BLBG:Treasuries Head for Steepest Loss in Three Years on Fed Outlook
Treasuries headed for their steepest monthly loss in three years before the U.S. sells $29 billion of seven-year notes as signs the economy is recovering fuels bets the Federal Reserve will end stimulus.
Treasuries tumbled 1.8 percent in May as of yesterday, the most since December 2009, according to Bank of America Merrill Lynch indexes. Goldman Sachs Group Inc. said it’s looking for opportunities to sell Treasuries as the economy expands and inflation accelerates. Fed Chairman Ben S. Bernanke said last week the central bank could cut the pace of debt purchases if officials are confident that the recovery will be sustained.
“There’s somewhat more positive sentiment about the U.S. economy and also on a relative basis compared with Europe,” said Niels From, chief analyst at Nordea Bank AB in Copenhagen. “That has been driving yields upward. Now we could see some consolidation.”
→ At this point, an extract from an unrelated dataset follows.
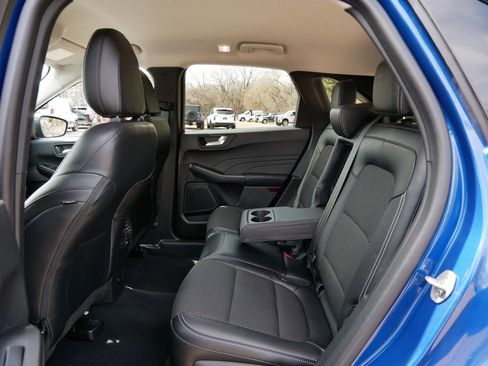 Certified 2023 Ford Escape SE FWD image 11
Ten-year yields were little changed at 2.12 percent as of 6:22 a.m. New York time, according to Bloomberg Bond Trader data. The price of the 1.75 percent note due in May 2023 was at 96 21/32.
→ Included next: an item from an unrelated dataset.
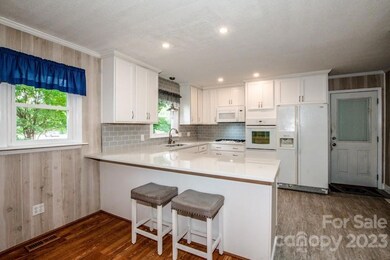 504 N Bost St, Statesville, NC 28677 - photo 4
The Treasury 10-year yield may drop to 2 percent in the next three months, before climbing to 2.65 percent by year-end, Nordea’s From said.
The median of 75 economists’ and strategists’ predictions compiled by Bloomberg is for the rate to end the year at 2.15 percent.
Steepest Loss
Securities in the Bank of America Merrill Lynch Global Broad Market Index have fallen 1.5 percent in May, poised for the steepest loss since April 2004.
The Fed buys $85 billion of Treasury and mortgage debt a month to support the economy by putting downward pressure on interest rates. Bernanke said last week the Fed could “take a step down in our pace of purchases” in the “next few meetings,” in testimony to lawmakers. Policy makers meet next on June 18-19.
The central bank plans to purchase as much as $1.75 billion of securities maturing between February 2036 and May 2043 today, according to the New York Fed’s website.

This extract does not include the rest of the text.